Krebs ist der Inbegriff einer heimtückischen Krankheit, die existenzielle Ängste hervorrufen und reflexartig Assoziationen an den Tod provozieren kann. Jährlich sehen sich in der Schweiz gegen 35’000 Personen mit der Diagnose konfrontiert. Die Ohnmacht lässt viele Patienten verzweifeln. Und die meisten fragen sich: Warum hat es mich getroffen? Was habe ich falsch gemacht? Gläubige, die in religiösen Kategorien denken, haben Angst, die Krankheit könne eine Strafe Gottes oder eine Prüfung sein.
Studien zeigen, dass mehr als die Hälfte der Krebspatienten neben der medizinischen Therapie auch Heiler und Handaufleger konsultieren oder alternativmedizinische Angebote in Anspruch nehmen. Sie sind überzeugt, dass Krankheiten mit seelischen oder spirituellen Blockaden einhergehen. Deshalb machen sie der Schulmedizin den Vorwurf, bei ihrer Therapie nur die Symptome zu bekämpfen, nicht aber die Ursache der Krankheit.
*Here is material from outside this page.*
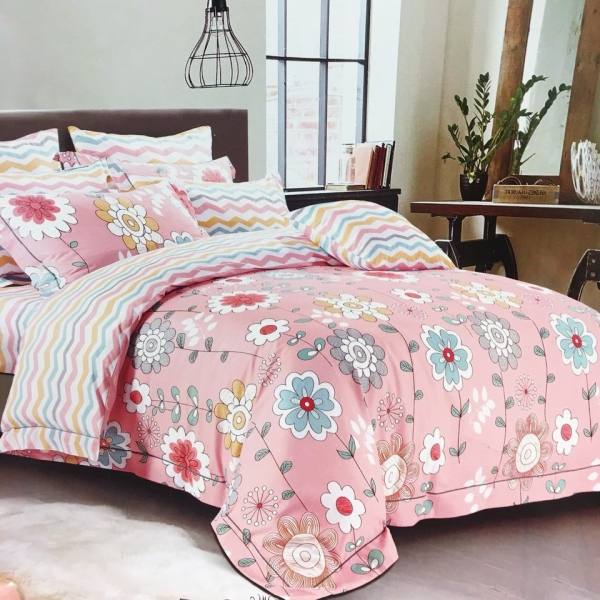 الیاف متری برای کالای خواب:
Ein Beispiel: Nächste Woche beginnt einer der weltweit bekanntesten Heiler, Deepak Chopra, eine 21-tägige Meditationsreihe. Dazu schreibt er, die Teilnehmer würden Wege entdecken, «wie du völlige Kontrolle über Körper und Geist gewinnen und jederzeit psychisch-physisches Wohlbefinden erreichen kannst». In der Ankündigung heisst es, Chopra verbinde wie kein anderer das Wissen des Westens mit der Weisheit des Ostens. «Als erfolgreicher Arzt stellte er fest, dass der westlichen Medizin die Seele fehlt. Daher machte er sich auf die Suche nach einer ganzheitlichen Medizin, die ihn bald in den Grenzbereich von Wissenschaft und Glauben führte, dem er sich bis heute mit Erfolg widmet.» Chopra habe über 75 Bücher geschrieben, die insgesamt 20 Millionen Mal verkauft worden seien.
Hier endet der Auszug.